Ivanka Trump is out with a new book today, and the initial feedback has not been good. Already, some women referenced in Women Who Work: Rewriting the Rules for Success are demanding retractions, and now the New York Times is out with its review.
“[T]he book is not really offensive so much as witlessly derivative, endlessly recapitulating the wisdom of other, canonical self-help and business books,” wrote renowned book critic, Jennifer Senior.
“This is the sort of feminism that drives some women bananas, having less to do with structural change than individual fulfillment and accessorizing properly; perhaps it can even be achieved by wearing her fine jewelry or apparel, which she repeatedly mentions throughout the book (as well as her family’s tremendous hotels).”
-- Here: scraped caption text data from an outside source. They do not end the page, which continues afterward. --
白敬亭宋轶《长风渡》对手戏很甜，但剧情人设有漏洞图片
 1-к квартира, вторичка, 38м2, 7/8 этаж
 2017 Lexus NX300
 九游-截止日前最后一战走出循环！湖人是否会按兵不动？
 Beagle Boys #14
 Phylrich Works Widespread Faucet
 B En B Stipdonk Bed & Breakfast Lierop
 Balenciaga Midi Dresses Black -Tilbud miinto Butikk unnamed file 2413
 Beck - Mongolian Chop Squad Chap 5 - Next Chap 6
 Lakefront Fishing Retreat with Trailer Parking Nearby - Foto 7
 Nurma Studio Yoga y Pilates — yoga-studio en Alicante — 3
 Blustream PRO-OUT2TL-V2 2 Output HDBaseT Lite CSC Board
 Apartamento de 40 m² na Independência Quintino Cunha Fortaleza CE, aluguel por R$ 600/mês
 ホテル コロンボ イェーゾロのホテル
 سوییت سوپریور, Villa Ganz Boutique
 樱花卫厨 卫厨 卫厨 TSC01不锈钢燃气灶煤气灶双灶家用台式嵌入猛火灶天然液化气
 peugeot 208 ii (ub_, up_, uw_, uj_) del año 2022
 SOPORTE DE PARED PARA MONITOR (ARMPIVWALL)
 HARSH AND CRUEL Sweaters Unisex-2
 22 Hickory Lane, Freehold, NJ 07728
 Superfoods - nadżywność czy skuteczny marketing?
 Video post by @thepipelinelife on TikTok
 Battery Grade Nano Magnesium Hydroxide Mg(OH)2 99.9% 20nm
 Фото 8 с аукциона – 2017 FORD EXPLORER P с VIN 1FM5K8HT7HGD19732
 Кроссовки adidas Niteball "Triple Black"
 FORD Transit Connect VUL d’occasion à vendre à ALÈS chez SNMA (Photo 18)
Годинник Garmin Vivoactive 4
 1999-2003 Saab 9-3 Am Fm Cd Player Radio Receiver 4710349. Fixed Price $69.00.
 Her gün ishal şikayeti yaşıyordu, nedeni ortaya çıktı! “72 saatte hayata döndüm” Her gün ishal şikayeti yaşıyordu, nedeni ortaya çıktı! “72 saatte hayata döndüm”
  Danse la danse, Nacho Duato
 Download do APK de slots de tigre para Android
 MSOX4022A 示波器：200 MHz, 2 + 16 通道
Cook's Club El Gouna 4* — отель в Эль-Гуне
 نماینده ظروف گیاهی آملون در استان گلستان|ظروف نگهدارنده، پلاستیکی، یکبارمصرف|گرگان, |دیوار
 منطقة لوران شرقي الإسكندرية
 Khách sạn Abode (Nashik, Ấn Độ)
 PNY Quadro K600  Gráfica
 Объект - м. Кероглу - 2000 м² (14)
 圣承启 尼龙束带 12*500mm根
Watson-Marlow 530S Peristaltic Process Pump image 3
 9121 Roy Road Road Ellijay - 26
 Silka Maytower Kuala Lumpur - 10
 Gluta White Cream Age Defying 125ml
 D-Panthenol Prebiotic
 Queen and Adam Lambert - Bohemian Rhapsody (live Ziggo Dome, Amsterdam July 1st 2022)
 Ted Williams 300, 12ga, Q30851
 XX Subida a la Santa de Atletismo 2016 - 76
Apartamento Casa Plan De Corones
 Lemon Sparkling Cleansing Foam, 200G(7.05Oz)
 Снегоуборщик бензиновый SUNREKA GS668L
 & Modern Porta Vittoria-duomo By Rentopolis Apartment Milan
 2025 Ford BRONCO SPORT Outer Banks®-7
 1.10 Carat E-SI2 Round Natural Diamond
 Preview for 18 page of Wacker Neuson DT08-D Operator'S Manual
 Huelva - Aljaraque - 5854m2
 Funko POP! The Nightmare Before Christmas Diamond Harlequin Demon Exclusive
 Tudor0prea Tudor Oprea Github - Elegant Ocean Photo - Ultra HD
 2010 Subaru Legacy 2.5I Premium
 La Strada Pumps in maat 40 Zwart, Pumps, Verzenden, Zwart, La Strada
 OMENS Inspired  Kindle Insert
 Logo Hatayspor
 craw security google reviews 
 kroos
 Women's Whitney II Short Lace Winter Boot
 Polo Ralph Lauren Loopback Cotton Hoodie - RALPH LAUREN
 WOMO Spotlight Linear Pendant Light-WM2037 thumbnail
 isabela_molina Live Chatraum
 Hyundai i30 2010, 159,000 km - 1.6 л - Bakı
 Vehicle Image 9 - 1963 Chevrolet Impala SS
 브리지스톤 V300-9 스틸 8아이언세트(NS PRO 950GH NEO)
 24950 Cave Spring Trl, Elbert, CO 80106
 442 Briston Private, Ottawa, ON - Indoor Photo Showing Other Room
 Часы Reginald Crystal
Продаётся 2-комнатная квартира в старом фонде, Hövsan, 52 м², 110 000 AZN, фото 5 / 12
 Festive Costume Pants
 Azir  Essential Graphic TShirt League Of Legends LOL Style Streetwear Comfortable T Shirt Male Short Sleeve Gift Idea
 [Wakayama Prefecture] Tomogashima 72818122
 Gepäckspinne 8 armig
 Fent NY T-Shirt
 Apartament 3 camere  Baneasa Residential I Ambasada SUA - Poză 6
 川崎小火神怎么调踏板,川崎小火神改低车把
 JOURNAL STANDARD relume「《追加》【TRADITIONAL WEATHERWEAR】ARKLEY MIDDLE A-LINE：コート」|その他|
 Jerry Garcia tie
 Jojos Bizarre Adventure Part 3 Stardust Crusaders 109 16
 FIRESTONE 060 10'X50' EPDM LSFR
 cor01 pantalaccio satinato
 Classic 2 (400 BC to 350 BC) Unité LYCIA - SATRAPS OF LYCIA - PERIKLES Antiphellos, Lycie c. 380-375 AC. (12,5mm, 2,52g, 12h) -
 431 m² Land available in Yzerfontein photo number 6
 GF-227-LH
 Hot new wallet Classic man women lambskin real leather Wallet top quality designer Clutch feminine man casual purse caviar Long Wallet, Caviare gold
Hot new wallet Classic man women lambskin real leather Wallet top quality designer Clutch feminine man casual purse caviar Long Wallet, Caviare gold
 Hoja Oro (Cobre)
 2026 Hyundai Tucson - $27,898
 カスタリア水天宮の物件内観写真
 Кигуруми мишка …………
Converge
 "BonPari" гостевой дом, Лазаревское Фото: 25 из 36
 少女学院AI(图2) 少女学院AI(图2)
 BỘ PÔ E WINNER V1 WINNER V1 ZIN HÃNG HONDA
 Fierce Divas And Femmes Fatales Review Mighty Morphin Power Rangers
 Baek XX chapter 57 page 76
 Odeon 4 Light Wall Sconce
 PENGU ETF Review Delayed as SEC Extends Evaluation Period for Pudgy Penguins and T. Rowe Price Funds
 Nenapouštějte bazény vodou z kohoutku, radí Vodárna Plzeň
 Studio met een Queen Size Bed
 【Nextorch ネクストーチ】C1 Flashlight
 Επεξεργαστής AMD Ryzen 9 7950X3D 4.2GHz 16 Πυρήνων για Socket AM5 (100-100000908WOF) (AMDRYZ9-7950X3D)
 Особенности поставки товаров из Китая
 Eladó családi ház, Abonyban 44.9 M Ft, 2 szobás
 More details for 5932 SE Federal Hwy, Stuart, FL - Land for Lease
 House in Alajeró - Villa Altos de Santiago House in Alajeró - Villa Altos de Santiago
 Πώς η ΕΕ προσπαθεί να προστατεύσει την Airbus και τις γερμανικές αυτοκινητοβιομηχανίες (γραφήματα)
Senior has plenty of pithy things to say about the faux profundities in Ivanka’s “strawberry milkshake of inspirational quotes,” but she also knows that hackneyed self-help books by B-list celebrities are a dime a dozen. Like with those other self-serving knock-offs, it is clear to Senior that the goal of the book is “extending the Trump brand.”
Ivanka Trump, however, is no B-lister. She is a billionaire heiress and special assistant to the President of the United States, and her lack of perspective is what most troubles Senior. She writes:
“But a class bias at some point begins to reveal itself… when she identifies grocery shopping as neither urgent nor important. (Do the groceries just magically appear in her fridge? Oh, wait. They probably do.) It’s in her confession that ‘honestly, I wasn’t treating myself to a massage or making much time for self-care’ during the 2016 campaign. (Too busy.)”
Even in her support for paid parental leave (support which has yet to transition from talk to action in her White House role), Ivanka seems almost defiantly detached from the realities of working women:
“By the time Trump gets to her primer on maternity leave, she is, consciously or not, addressing an imaginary cohort of upper management and C.E.O.s. Back at work, she expects you to have a team. It is amazing how many times “Women Who Work” talks about the importance of Your Team. There are more teams in this book than there are in the N.F.L… She adds that you should ‘Find someone trustworthy and capable on your team to act as a gatekeeper once you go on leave.'”
Women Who Work seems to perfectly encapsulate a privileged daughter who tries to appeal to an electorate and consumer base by making hollow, palatable statements to soften her father’s destructive acts. Ivanka is obviously no innocent bystander. She is not only profiting off the recklessness of the Trump regime, she is helping to enable it.
It will take more than this book to disguise those facts. Senior’s review makes that clear, and is worth reading in its entirety.